= Task objective =
Could you restate word for word every line from the one containing "Ford Transit Custom" to the end of the data below, pictures excluded?

----------------------------------------

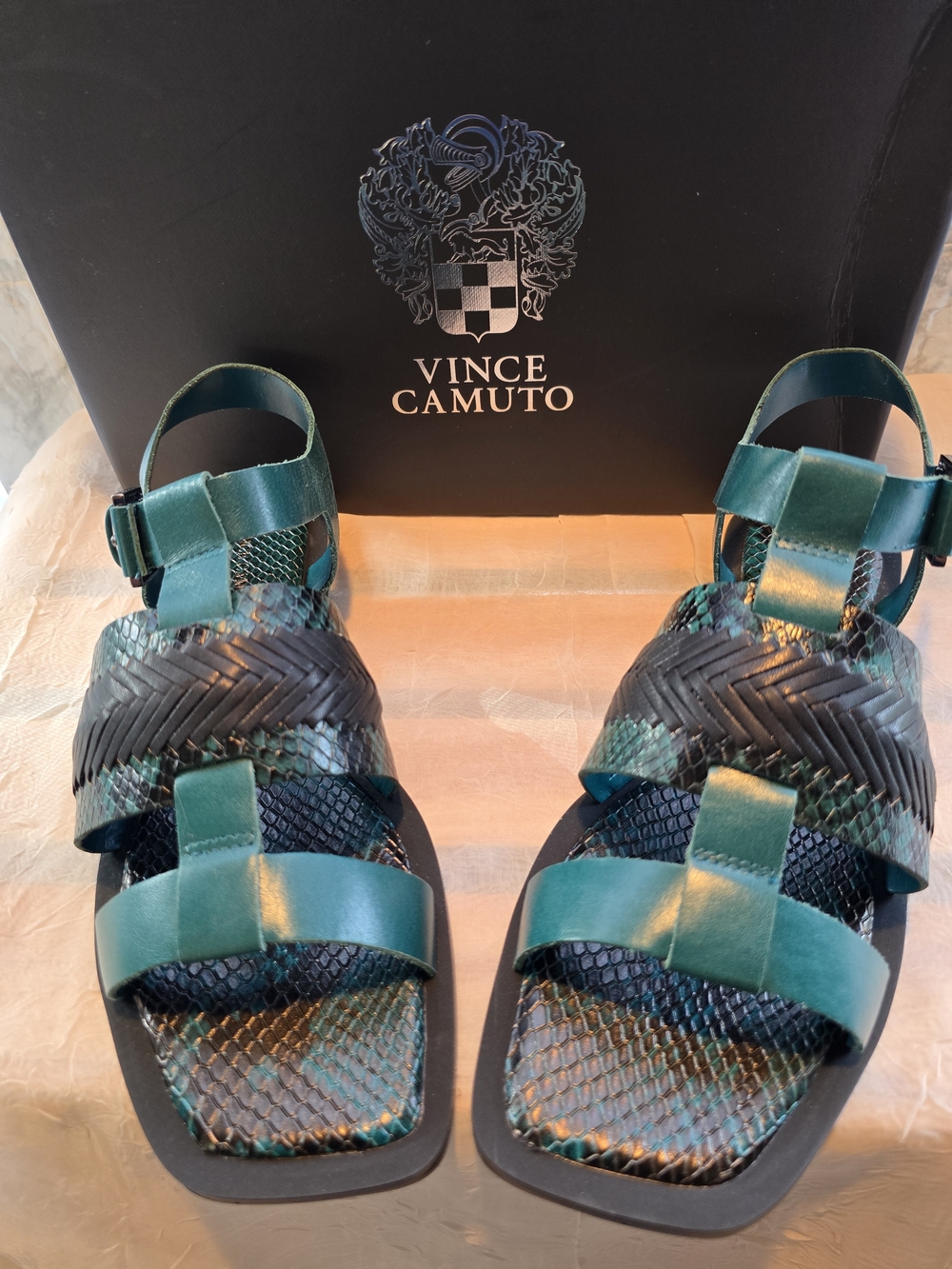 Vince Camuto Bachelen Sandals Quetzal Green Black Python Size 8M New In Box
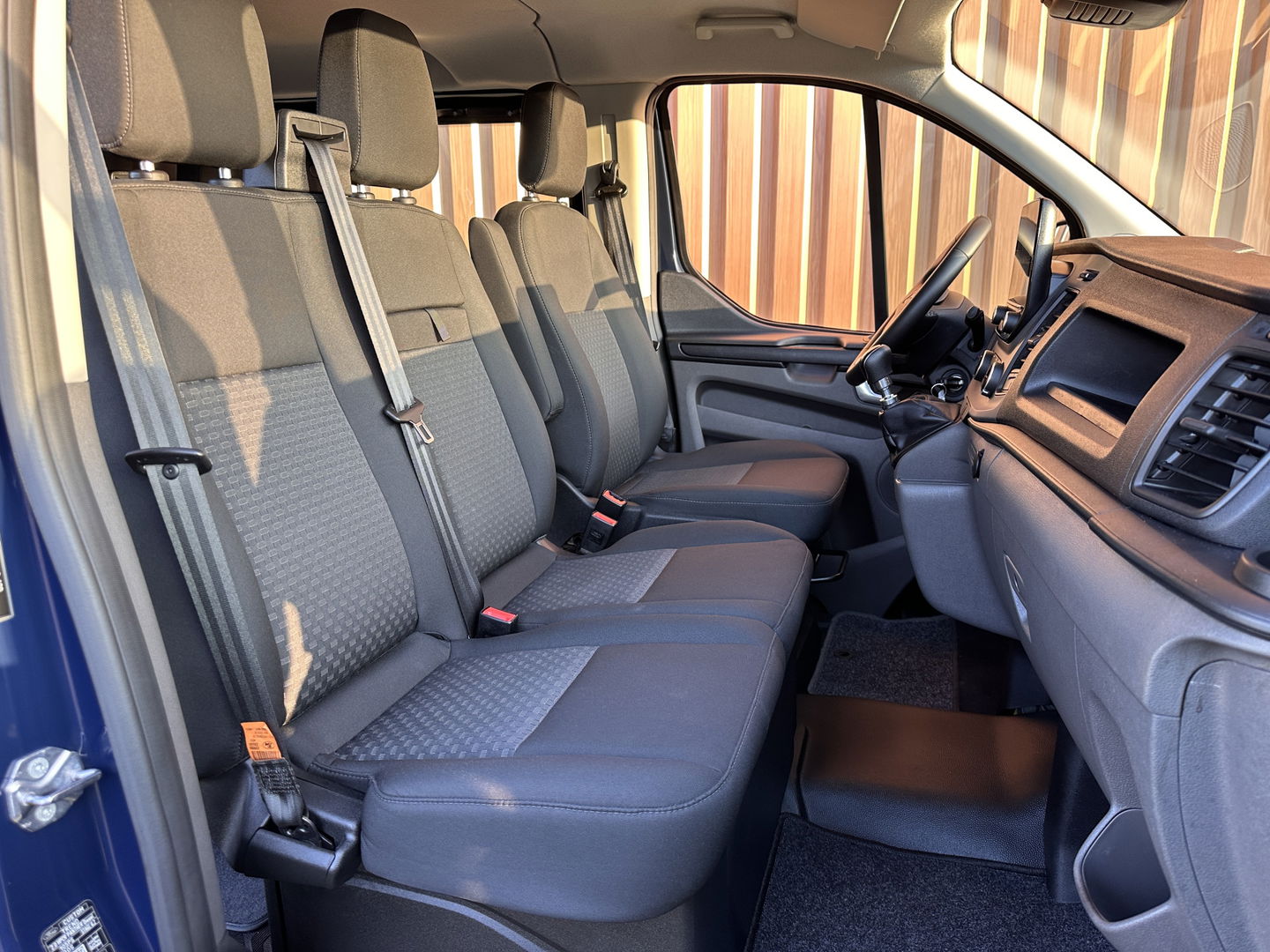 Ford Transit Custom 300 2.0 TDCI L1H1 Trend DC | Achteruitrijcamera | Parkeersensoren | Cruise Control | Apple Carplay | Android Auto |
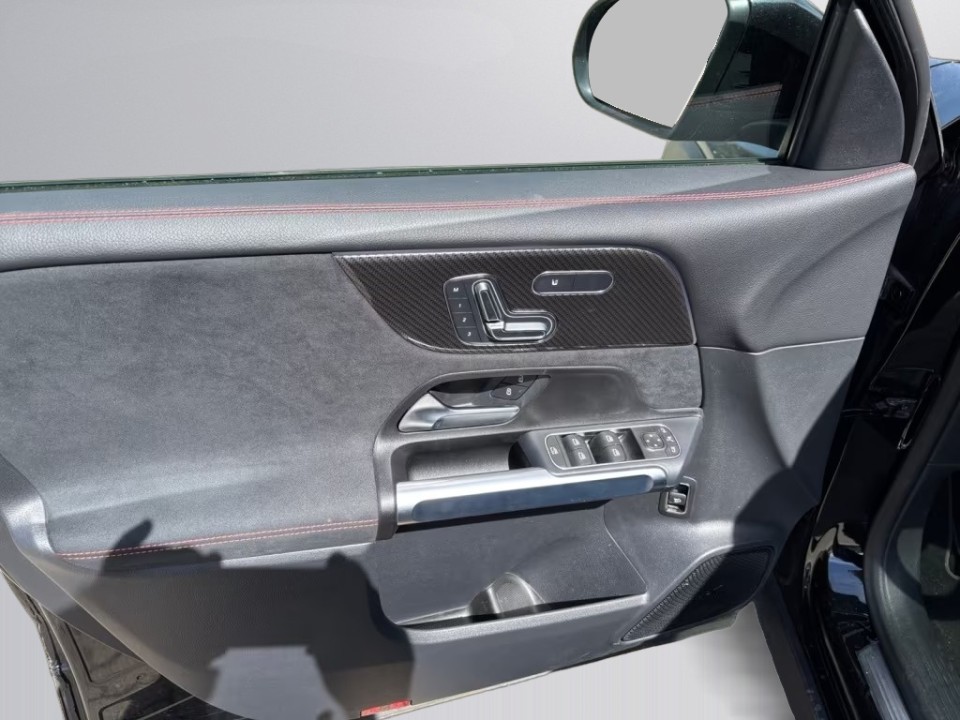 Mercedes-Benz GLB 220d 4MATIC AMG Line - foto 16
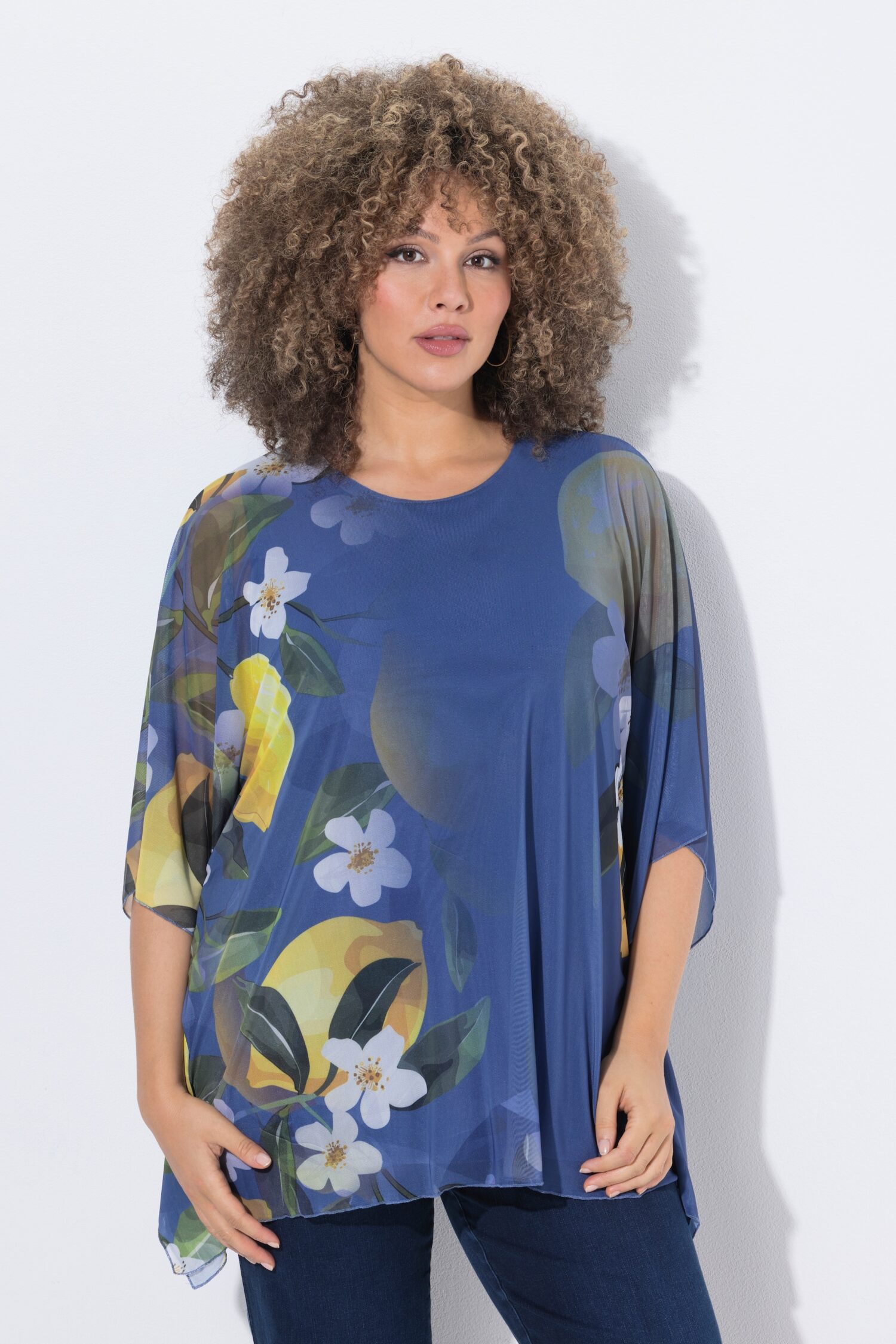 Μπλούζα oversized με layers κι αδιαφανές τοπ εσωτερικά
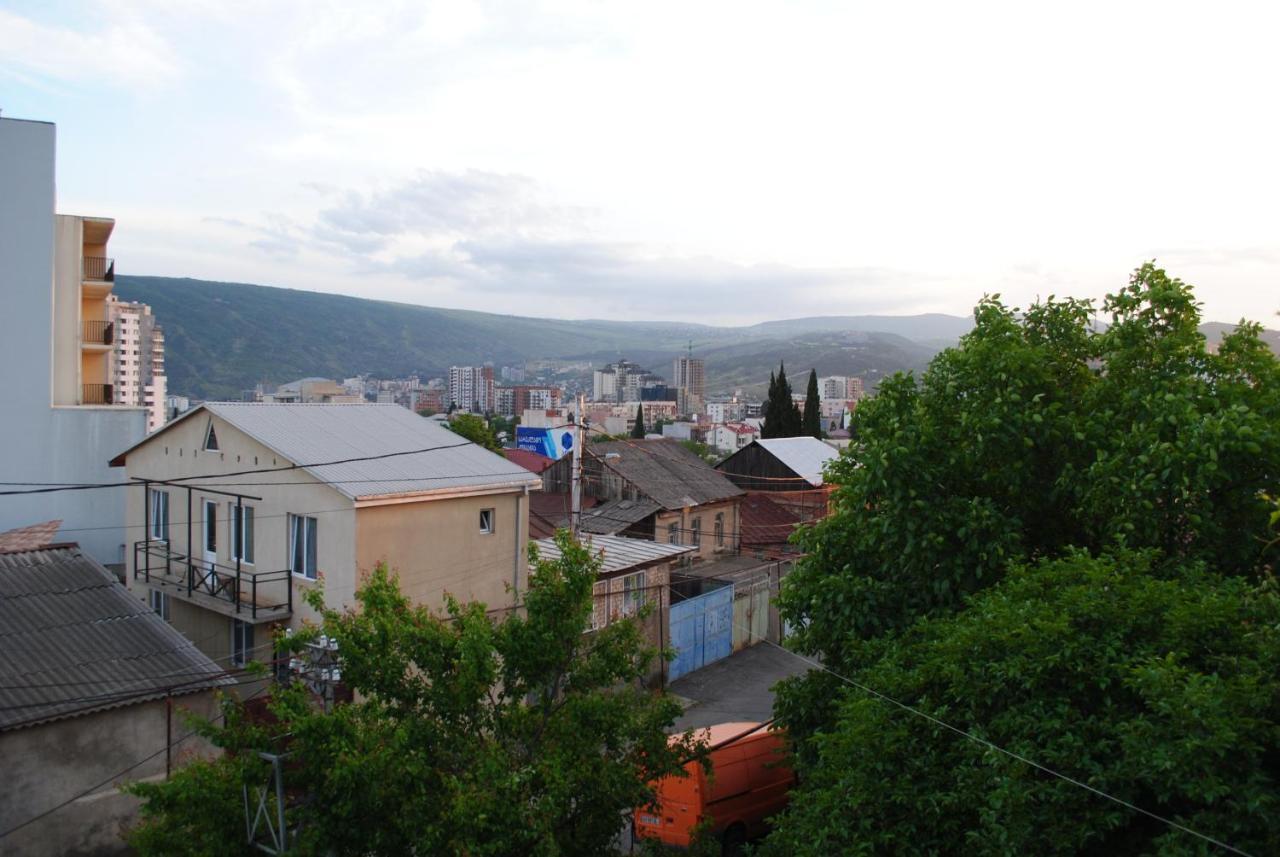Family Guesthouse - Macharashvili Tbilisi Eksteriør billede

----------------------------------------

= Answer space =
 Ford Transit Custom 300 2.0 TDCI L1H1 Trend DC | Achteruitrijcamera | Parkeersensoren | Cruise Control | Apple Carplay | Android Auto |
 Mercedes-Benz GLB 220d 4MATIC AMG Line - foto 16
 Μπλούζα oversized με layers κι αδιαφανές τοπ εσωτερικά
Family Guesthouse - Macharashvili Tbilisi Eksteriør billede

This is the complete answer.